There are street artists. No one has ever documented their actions. There is a crazy French vintage-clothing-store-owner named Thierry (Terry) living in Los Angeles who is obsessed with videotaping everything. His cousin is Space Invader, a well-known street artist. Thierry films his actions and is introduced to other street artists, including Shepherd Fairey. Shepherd introduces Thierry to Bansky, the most famous street artist ever. Other stuff happens. In order to edit Thierry’s heaps of footage of both Banksy and other street artists into a film without Thierry being involved, Bansky tells Thierry to make some art and have a small show, basically to get him out of Bansky’s hair.

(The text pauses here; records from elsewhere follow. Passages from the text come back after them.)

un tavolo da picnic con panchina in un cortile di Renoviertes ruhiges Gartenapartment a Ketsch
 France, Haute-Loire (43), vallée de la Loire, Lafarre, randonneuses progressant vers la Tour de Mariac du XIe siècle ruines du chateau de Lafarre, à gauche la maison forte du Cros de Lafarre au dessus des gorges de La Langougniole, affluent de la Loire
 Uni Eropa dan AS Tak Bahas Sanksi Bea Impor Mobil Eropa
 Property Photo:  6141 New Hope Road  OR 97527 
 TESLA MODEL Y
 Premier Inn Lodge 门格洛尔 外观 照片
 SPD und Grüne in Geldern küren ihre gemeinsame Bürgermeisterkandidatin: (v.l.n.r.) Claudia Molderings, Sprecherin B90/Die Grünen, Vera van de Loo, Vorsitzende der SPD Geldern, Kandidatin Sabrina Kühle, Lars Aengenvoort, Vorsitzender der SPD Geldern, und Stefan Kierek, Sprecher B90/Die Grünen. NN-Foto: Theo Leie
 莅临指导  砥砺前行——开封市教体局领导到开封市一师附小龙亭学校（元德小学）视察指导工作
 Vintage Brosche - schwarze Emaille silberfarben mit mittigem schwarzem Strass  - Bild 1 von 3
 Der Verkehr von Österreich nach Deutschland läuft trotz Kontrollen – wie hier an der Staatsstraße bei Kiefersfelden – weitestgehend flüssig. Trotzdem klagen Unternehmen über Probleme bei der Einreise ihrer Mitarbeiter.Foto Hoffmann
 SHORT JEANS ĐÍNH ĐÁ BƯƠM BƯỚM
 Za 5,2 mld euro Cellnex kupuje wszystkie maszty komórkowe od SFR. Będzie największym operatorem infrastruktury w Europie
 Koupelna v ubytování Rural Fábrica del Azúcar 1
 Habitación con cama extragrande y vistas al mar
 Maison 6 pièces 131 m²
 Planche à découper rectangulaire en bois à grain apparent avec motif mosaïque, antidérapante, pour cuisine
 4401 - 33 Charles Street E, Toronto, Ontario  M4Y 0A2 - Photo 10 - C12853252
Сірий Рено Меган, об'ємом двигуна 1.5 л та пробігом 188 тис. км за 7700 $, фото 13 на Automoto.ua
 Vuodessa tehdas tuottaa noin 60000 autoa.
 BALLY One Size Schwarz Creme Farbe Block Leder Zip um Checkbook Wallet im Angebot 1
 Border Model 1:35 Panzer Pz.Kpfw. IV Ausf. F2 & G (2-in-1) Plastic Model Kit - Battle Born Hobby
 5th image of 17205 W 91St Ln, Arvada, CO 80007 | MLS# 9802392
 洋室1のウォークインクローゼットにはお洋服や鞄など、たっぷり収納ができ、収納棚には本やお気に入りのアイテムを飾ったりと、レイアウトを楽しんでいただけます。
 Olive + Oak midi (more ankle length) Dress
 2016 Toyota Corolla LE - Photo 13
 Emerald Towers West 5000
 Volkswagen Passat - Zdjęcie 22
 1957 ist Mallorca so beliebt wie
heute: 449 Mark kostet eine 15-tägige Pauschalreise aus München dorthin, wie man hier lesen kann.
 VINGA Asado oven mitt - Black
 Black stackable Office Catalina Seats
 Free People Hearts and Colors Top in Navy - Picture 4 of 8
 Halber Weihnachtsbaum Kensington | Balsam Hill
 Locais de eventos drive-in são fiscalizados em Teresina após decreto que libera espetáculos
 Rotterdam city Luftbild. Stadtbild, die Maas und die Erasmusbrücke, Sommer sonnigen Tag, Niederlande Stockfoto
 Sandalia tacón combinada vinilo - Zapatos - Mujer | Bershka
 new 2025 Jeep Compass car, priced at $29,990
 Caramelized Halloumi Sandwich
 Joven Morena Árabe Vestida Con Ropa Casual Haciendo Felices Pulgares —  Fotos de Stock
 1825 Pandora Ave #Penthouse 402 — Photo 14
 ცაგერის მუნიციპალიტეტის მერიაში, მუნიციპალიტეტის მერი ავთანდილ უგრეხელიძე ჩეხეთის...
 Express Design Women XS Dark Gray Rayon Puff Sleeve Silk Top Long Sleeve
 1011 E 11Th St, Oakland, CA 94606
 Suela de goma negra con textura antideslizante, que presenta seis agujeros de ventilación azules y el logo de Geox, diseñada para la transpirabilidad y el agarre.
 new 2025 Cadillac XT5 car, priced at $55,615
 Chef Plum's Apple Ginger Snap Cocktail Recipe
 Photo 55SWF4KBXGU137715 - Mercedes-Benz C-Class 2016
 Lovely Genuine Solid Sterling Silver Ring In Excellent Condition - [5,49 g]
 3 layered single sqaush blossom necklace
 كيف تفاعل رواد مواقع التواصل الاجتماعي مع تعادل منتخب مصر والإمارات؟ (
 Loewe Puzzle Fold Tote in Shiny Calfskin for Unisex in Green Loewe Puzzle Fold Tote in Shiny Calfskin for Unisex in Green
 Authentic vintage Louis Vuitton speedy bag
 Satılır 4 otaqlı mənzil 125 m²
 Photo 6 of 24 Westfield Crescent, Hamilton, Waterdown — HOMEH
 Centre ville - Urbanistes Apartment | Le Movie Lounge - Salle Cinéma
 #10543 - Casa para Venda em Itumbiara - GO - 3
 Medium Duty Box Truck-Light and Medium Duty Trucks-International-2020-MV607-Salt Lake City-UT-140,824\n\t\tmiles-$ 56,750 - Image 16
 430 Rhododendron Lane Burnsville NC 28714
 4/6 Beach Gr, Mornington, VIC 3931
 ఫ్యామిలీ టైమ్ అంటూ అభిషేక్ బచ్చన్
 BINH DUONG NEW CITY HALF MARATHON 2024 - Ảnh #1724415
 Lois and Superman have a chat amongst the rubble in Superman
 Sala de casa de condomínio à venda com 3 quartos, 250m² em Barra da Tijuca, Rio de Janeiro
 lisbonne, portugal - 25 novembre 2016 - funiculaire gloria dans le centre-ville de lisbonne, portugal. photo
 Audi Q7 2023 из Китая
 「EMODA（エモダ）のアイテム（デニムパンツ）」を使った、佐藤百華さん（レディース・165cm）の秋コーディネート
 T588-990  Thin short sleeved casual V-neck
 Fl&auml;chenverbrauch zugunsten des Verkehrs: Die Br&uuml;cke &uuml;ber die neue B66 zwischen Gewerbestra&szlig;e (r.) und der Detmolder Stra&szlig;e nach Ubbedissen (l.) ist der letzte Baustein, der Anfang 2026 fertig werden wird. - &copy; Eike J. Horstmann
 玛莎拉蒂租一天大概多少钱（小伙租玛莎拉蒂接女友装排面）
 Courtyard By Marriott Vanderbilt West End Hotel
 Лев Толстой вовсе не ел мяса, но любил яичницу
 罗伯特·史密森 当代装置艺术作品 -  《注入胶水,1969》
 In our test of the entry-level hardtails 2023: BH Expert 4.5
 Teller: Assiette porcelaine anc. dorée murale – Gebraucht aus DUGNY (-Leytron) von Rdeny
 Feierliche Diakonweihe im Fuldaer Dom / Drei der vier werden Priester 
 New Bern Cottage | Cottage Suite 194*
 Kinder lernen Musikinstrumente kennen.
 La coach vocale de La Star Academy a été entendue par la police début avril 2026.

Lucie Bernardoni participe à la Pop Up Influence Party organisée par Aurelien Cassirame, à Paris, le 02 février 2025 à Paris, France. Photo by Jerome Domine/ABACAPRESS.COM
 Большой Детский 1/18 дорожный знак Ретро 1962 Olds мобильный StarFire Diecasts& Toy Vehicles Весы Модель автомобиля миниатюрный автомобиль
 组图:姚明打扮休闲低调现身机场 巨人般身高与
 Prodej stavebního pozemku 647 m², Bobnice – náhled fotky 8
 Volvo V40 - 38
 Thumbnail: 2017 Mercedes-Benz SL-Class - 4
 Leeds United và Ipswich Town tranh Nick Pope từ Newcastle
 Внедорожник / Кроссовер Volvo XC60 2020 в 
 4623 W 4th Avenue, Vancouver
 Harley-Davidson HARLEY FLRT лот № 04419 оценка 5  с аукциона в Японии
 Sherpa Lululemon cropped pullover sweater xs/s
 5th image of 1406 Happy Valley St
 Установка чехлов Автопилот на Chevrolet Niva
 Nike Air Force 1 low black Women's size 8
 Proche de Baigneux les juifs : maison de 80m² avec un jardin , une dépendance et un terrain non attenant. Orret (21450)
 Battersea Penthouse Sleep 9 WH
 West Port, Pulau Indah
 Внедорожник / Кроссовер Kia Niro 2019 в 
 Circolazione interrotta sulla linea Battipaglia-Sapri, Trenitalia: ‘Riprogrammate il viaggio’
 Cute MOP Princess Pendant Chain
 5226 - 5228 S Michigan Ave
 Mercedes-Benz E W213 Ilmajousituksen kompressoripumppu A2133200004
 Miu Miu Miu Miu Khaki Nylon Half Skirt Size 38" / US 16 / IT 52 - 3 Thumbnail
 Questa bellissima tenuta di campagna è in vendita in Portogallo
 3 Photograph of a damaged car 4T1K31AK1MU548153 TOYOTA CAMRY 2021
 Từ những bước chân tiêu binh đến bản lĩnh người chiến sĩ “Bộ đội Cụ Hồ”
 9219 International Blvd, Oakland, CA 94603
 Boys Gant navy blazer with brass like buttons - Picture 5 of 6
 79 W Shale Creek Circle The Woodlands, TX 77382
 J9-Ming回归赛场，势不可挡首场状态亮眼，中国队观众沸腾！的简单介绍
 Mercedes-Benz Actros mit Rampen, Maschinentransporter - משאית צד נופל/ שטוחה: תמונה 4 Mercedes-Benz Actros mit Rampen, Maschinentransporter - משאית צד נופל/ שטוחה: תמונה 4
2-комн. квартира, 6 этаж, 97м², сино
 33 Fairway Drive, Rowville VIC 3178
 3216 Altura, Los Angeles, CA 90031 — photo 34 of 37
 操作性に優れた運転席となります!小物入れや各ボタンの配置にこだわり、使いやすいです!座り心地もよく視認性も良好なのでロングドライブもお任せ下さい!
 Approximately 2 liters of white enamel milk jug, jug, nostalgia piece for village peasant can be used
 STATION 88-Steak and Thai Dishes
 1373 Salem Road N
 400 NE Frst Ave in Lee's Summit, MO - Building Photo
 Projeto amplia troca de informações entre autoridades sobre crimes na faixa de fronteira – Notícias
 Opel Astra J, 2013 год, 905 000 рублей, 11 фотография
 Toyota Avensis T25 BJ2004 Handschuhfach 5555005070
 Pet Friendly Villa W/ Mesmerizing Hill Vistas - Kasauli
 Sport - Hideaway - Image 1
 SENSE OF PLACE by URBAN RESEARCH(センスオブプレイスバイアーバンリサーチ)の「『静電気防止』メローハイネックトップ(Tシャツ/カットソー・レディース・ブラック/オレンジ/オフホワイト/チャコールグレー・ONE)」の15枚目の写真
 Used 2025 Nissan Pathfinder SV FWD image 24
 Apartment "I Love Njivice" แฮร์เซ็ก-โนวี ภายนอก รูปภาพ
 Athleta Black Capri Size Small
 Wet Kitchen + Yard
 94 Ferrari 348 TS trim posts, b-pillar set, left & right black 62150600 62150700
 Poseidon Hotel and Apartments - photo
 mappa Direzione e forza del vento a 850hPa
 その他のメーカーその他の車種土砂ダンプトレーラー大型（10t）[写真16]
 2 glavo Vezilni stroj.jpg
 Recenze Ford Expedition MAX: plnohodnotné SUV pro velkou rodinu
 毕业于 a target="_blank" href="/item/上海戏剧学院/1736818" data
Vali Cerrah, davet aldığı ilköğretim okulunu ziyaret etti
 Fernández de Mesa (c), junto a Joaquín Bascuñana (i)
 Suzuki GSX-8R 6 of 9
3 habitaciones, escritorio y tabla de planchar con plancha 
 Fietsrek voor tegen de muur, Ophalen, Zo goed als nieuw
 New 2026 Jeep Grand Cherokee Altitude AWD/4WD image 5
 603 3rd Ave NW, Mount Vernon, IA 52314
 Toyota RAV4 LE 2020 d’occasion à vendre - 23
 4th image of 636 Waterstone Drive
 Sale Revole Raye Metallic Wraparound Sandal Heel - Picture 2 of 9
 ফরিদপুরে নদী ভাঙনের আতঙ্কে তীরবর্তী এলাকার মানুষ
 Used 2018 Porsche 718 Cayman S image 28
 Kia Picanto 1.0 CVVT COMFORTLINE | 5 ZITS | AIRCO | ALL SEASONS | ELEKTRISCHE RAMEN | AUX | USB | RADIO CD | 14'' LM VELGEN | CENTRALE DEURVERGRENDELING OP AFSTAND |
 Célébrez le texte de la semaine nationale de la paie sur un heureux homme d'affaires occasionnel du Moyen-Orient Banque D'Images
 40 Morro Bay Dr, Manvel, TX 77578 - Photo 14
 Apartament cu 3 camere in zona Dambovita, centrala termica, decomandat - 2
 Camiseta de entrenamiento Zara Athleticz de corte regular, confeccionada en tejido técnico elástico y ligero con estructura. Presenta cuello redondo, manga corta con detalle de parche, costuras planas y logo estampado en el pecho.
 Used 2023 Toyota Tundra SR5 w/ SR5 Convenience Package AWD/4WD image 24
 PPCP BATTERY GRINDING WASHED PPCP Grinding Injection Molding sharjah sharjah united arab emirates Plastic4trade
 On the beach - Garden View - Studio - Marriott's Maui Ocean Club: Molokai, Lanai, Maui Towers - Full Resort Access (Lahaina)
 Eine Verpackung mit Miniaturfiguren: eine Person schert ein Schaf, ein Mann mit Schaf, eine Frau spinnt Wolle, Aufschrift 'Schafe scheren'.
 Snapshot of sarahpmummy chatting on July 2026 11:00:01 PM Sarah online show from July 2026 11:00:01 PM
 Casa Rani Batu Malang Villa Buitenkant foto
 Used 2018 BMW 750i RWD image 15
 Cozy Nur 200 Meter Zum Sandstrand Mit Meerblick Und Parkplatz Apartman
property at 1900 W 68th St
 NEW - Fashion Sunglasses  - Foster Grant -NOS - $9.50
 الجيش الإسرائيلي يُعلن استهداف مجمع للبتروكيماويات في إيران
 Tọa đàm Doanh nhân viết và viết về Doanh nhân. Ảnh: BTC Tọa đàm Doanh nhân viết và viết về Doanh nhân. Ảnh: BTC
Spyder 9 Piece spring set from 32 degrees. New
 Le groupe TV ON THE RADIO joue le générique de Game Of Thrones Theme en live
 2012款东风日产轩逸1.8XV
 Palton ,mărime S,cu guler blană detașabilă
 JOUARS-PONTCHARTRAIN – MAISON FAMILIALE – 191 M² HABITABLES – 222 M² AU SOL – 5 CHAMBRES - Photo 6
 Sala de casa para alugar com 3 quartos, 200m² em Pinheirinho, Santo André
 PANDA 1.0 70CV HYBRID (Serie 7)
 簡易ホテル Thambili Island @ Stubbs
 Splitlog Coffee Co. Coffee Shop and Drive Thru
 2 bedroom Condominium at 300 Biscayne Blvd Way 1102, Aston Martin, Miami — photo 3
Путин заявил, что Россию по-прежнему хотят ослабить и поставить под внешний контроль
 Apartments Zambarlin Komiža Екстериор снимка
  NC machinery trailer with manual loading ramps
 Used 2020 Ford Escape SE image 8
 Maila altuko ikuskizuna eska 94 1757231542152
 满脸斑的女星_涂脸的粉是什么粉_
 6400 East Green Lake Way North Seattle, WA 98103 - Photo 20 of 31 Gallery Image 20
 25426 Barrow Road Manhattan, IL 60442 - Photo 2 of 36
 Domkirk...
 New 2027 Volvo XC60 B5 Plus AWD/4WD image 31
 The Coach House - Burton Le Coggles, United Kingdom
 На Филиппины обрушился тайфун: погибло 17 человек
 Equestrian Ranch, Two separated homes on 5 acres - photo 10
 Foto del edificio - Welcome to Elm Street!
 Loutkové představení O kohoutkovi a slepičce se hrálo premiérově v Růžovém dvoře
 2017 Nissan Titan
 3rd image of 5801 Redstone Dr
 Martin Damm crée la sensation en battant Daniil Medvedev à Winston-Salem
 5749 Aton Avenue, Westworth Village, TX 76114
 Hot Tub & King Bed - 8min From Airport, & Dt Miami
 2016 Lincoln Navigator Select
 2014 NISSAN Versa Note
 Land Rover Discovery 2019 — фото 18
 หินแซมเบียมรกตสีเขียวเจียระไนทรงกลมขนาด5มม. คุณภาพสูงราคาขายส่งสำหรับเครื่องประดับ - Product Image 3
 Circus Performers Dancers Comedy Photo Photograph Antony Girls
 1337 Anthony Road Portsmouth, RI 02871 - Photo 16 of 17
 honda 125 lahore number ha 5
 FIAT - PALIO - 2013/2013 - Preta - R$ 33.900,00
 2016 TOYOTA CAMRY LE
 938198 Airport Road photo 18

Here’s where I start to fill with rage. Thierry, who has no artistic training or skill or experience, rents a gigantic building in L.A. and hires a massive staff to make his “art”. He is clearly crazy, his artwork is utter pointless crap, but he understands hype, so he hypes the hell out of his show. When his show opens, tons of people show up, people who are desperate to be “cool”, Thierry sells all his crap art and rakes in a million dollars. Jessica bursts into flames. The end.

Here’s the deal, people. Artists aren’t the people who come up with the ideas, okay? We all come up with ideas, all the time. Good ones, dumb ones, weird ones, etc. “What if blah blah was a blah blah blah?” The artists are the people who pluck ideas, theirs or others, out of the ether and make them into something we can see and touch and feel. They are inspired by something and the make something in the hopes that you will feel the same way they do about that thing. I’ll give you an example from my own life. I worked with a guy named Jd at BBDO, and he mentioned to me that every time he went to a new job, shortly after he started everyone else was fired, a whole new staff was hired and everything started anew. Apparently this seemed to happen every time he switched jobs. It was a joke with him and his friends that he was like Kali, the Hindu God of Destruction and Rebirth. I thought that was a funny idea, so I made a ink drawing of him as Kali.

I did not have the idea. I heard it, I liked it, I executed it. Who’s the artist in this situation, Jd or me? So when you (and when I say “you”, I mean you, Jeff Koons and Damien Hirst) hire a big ole staff and you wander in and say, “Wouldn’t it be cool to cover a skull with diamonds?” or “I think a giant sculpture of a balloon animal would be neat,” and then you leave the building while your staff actually makes the thing and you touch nothing, but then you go and take credit for all the work, that doesn’t make you an artist. That makes you a hype machine. Your staff is the artist. And I hate you.

By the way, I love the skull covered with diamonds and the giant balloon dog. That’s not the point.